Ma mère, pétrie de toute son âme corse, était une grande superstitieuse.
Un parapluie ouvert dans un intérieur la mettait en émoi, une bouteille d'huile cassée la troublait tout à fait, du sel renversé sur la table lui faisait présager une dispute familiale imminente qui, à force d'être appréhendée, arrivait fatalement.
De toutes ces superstitions dérisoires, deux seules me convenaient, charmantes et poétiques. La première venait des abeilles qui lorsqu’elles pénétraient la maison étaient supposées apporter du bonheur, si au bout d’une sorte de litanie formulée en toute hâte par ma mère, l’abeille décidait de rester dans la maison. La deuxième venait des papillons qui, eux aussi, s’invitant chez nous par inadvertance, voletaient un peu partout à la recherche de la sortie.
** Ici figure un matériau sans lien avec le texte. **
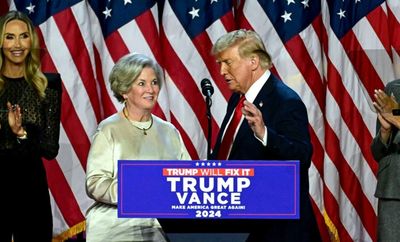 Did Susie Wiles Betray Trump? Inside the Vanity Fair Interview That Sparked Claims She Compared the President to an Alcoholic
Là, nul besoin de prière, ils annonçaient une bonne nouvelle avant trois jours.
Et ce matin, en rangeant des papiers concernant ma pauvre mère, j’ai retrouvé cette photo maladroite que j’avais prise en toute hâte, l'été dernier. J’ai eu un pincement au cœur.
Est-ce que ce papillon sur une fenêtre de l'atelier m’apportera du bonheur dans les trois jours comme s’il était vraiment venu voleter autour de moi ?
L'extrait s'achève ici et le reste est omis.